長生きのこつ 縦横切替
 情報遺産、というものがある。
 年ごとに新たなコンピュータが発売され、数年ごとにOSが書き換えられ続けた結果、過去のコンピュータでしか読み取れないデータというものが存在するようになった。
 文化人類学的な見地からも、古いコンピュータは重要な資料と見なされ、現在は各所研究所で保存されている。私は過去のコンピュータ言語を研究対象とした結果、古いコンピュータからデータをサルベージする仕事に就いた。この文章は、その記録兼報告書だ。
 今日サルベージするものは、いつの年代のものかわかっていない。国立研究所からいつの時代かを判別するために、サルベージしてほしいと依頼されたものだ。
 コンピュータに合った電圧を選択し、起動する。黒地に白い文字が踊る。
 この頃のコンピュータにはキーボードが必要だ。引き出しにしまっていたマイキーボードを取り出す。USBポートもないコンピュータだったので、手元にある一番古いキーボードを選んだ。
 このタイプのコンピュータは、フロッピーディスクを読み込んで作業するコンピュータなので、コンピュータ自体の年代はある程度わかっていたもの、と言える。
 だとすると……。
 ハードディスクのタワーを確認すると、案の定、フロッピーディスクが入りっぱなしになっている。こちらが目的か。
 開いてみると、一つ、音声のデータが入っていた。この時代では珍しい。3.5インチフロッピーディスクのサイズだと、一つ入ればいいはずだが、かなり無理をしているのではないだろうか。

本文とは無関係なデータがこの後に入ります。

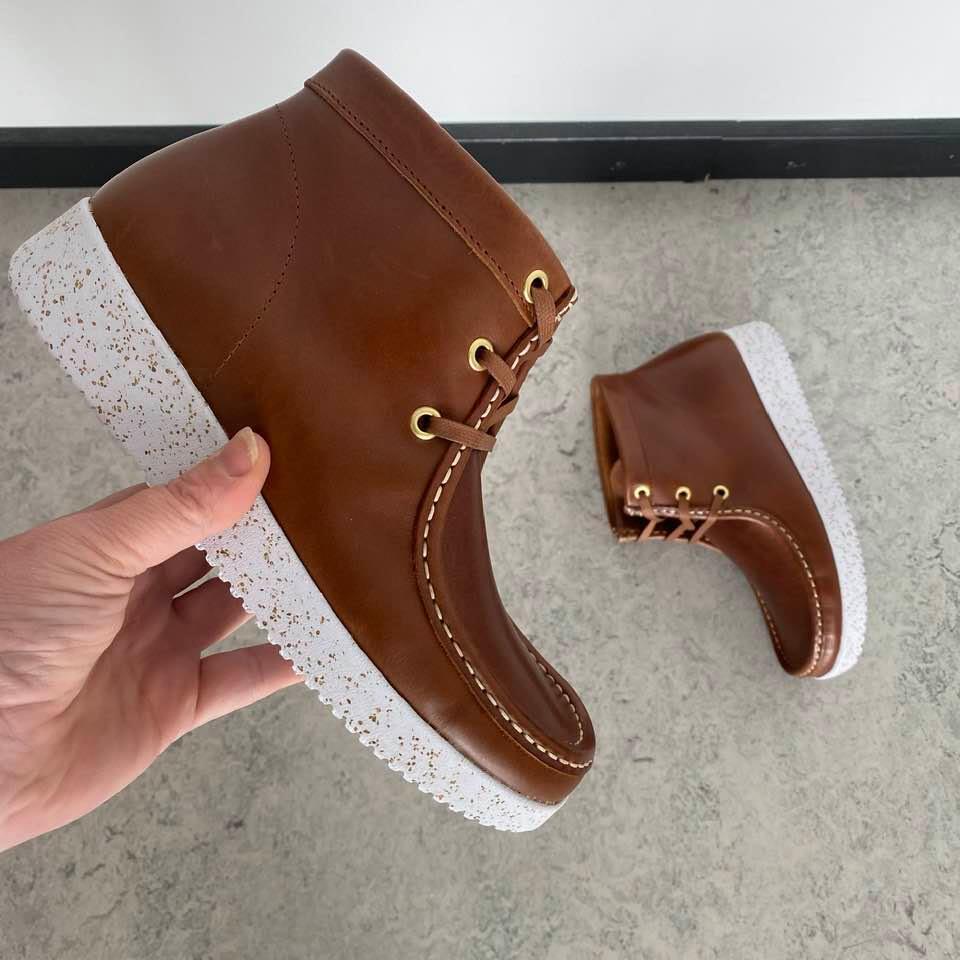 Nature støvel i brunt skinn med lyse såler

 ヘッドフォンを接続し、再生する。再生用のソフトウェアは一枚目に入っていたので助かった。
「僕のいう正義が、子どもの正義だというのですか」
 大学生くらいの男の声だろうか。音が破れている。言語は私のものと同じようだ。やや古い言葉なので、現在の言葉におきかえて記録しておこう。
「そうだ。君はわかっていない」 
 先程の声よりやや大人の声が聞こえる。こちらはひどく無機質な声だ。
「では、大人の正義とはどのようなものなのですか」
「聞きたいのか。じゃあ、教えてやる。まず、この大人になるための薬を……」
 そこで音声は終わっている。
 大人になるための薬など、聞いたことがない。そんなものが過去に存在していたのだろうか。
 しかし、これ以上は深入りしない方がいい。
 何故ならこのコンピュータは国から預かったものなのだから。忘れることがこの仕事を長く続けることの、そして、長生きのこつだ。